WHAT IS EXPECTED: Copy out the listing that follows, exact in every word, and skip the images.

INFORMATION SHOWN:
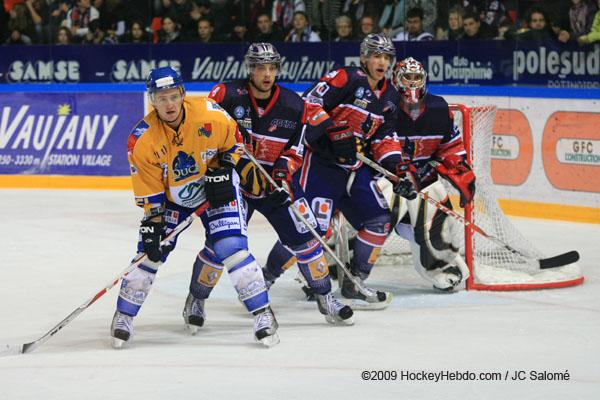 Grenoble  7 - 2 Dijon 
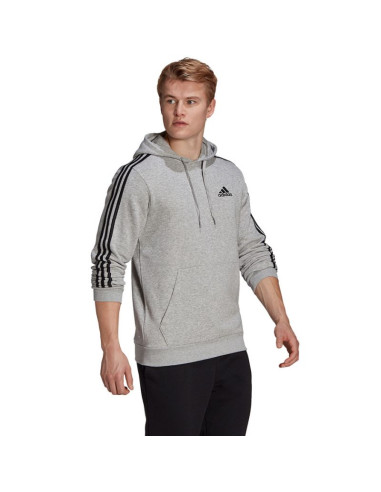 Bluza adidas essentials fleece 3-stripes hoodie m gk9084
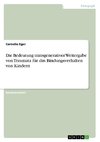 Die Bedeutung transgenerativer Weitergabe von Traumata für das Bindungsverhalten von Kindern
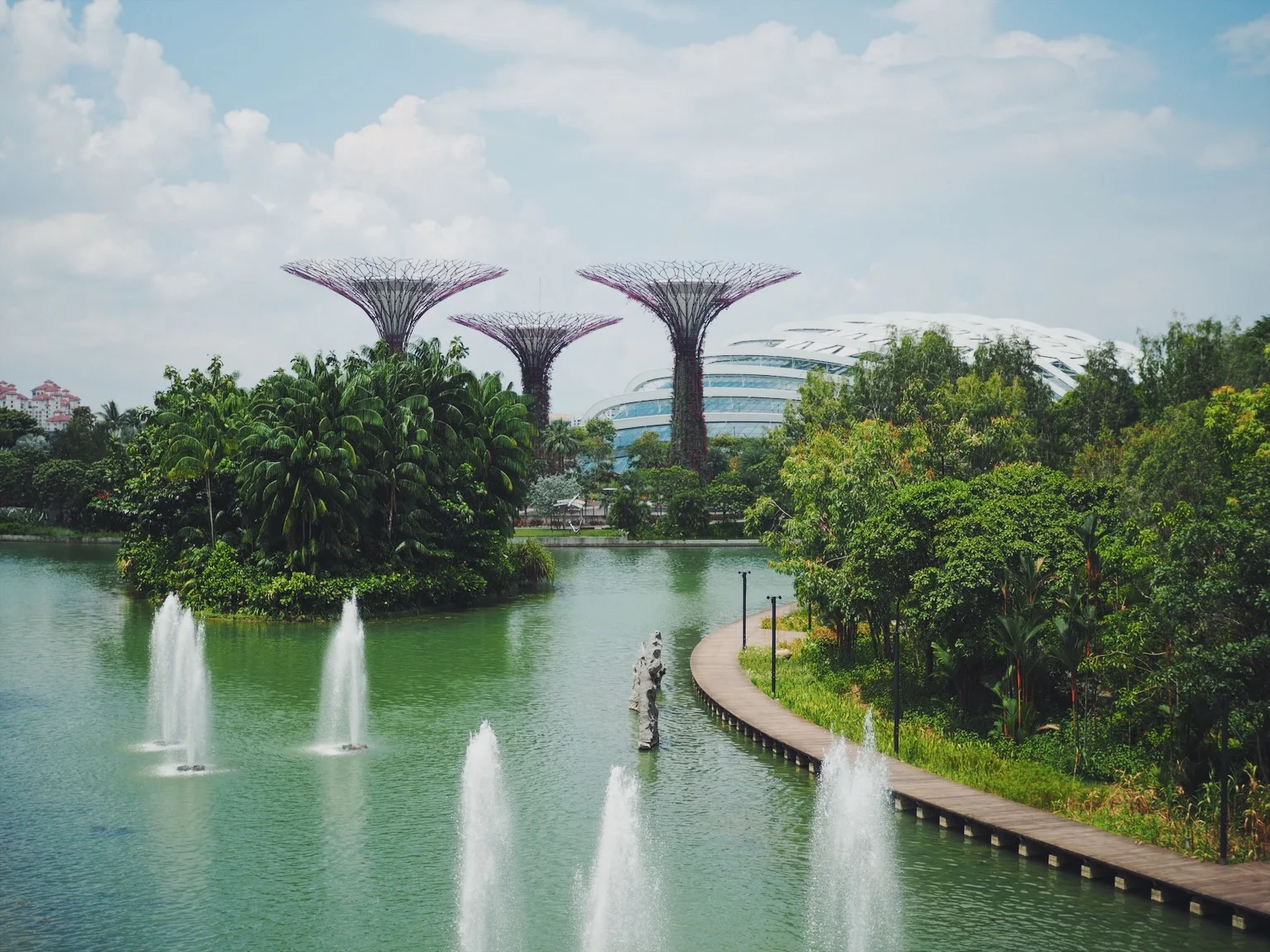 Stop-off in Singapore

ANSWER SPACE:
 Grenoble  7 - 2 Dijon 
 Bluza adidas essentials fleece 3-stripes hoodie m gk9084
 Die Bedeutung transgenerativer Weitergabe von Traumata für das Bindungsverhalten von Kindern
 Stop-off in Singapore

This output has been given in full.